Classical Editor: Rob Barnett                               Founder Len Mullenger:

Arnold BAX (1883-1953)
London Pageant (1937)
Concertante for cor anglais, clarinet, horn and orchestra (1948-9)
Suite from Tamara (1911)
Cathaleen-ní-Hoolihan (1903)
Gillian Callow (cor anglais); John Bradbury (clarinet); Jonathan Goodall (French horn)
BBC Philharmonic Orchestra/Martyn Brabbins
rec Studio 7, BBC, Manchester, 17 May 23 June 2000 DDD
CHANDOS CHAN 9879 [74.33]
Crotchet    Amazon UK    Amazon US

Have we all come to take Chandos for granted? Their dedication to the Bax cause is unique. Single-handedly they have populated the catalogue with all the symphonies, all the concertos, and most of the orchestral and chamber music. Nor has this happened in a great rush. You can look back to the very early days of CD (1983, ... how soon we forget) and a little beyond to find the company's Bax Fourth and the first collection of tone poems all extremely well directed by Bryden Thomson with the wonderful Ulster Orchestra (heir to the cuts-slain BBC Northern Ireland Orchestra). Their version of the Fourth is as much a reference as Norman Del Mar's Sixth on Lyrita (still impatiently awaiting reissue) and Myer Fredman's Second Symphony (also awaiting the same attention).

Bax takes up several pages in the current Chandos catalogue and this disc, with Brabbins (a more familiar figure on Hyperion) directing, valuably repairs some gaps in the Bax discography.

London Pageant is not even second drawer Bax but it speaks volumes that I succumb so easily to its bombastic ceremonial brilliance. Hardly the 'shatteringly apt displays of pomp and circumstance' by which Edward Greenfield described the two Walton Coronation marches but by no means worthless either. It probably goes on too long and cannot hold even a guttering candle to the contemporaneous Walton Crown Imperial. Worth the odd airing and to be compared, I would say, with the raucous Rosc-Catha with glorious rasping and rolling trumpet legatos in the final pages. File with the as yet unrecorded Work-In-Progress Overture.

The Pageant is from just past Bax's high maturity and the final shudders of the Seventh Symphony. The Concertante (why that name for this work and for the Left-Hand piano work - why not Concerto?) is from late on in his career written for a Henry Wood Memorial concert conducted by Sargent. The work is retrospective and nostalgic and recollections of Wood's championing of the Third Symphony might well have been in the composer's mind. The three instruments each have a solo role in the first three movements, all coming together in the finale.

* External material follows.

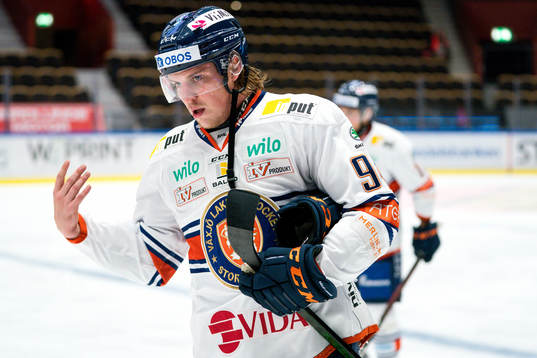 Växjös Joel Persson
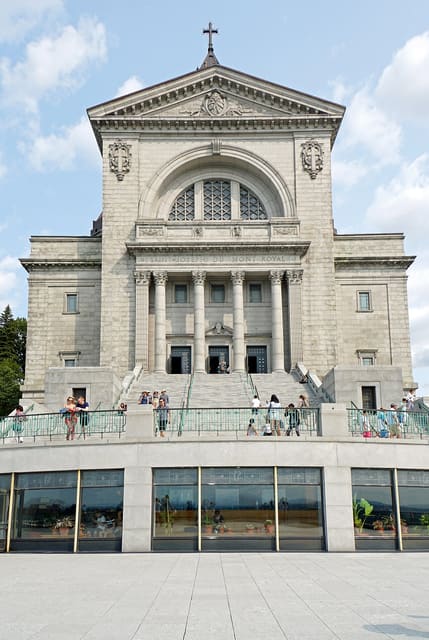 صورة من Oratoire Saint-Joseph: قبة على منحدر Mont Royal بدخول مجاني، ٧ من ٢٤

The cor anglais is associated with Sibelius's Swan of Tuonela (try 8.19) and that, together with other Grez-inflected Delian ideas, are to be heard. There is a break for a truculent little march of the Rosc-Catha type. At 7.49 the composer quotes from the Third Symphony. The Clarinet scherzo spins and skips along with the Slavonic zest of Troika and In a Vodka Shop. A more plaintive note (clearly linking to the 1930s clarinet sonata) is struck in the allegretto semplice. Nice to see John Bradbury's name and to hear him again. I cherish memories of his BBCSO broadcasts of the Mozart Concerto and the Stanford. The horn lento is nostalgic but lacks indelibility despite the feeling with which it is imbued by the soloist and the orchestra. The finale rollicks along in rustic charm and delicacy. The music has more to do with the lighter Bax (e.g. Three Orchestral Pieces) than the emotional crises of the Sixth Symphony. The natural-sounding recording is free from the stifling density that clouds the success of the Chandos First and Second Symphonies.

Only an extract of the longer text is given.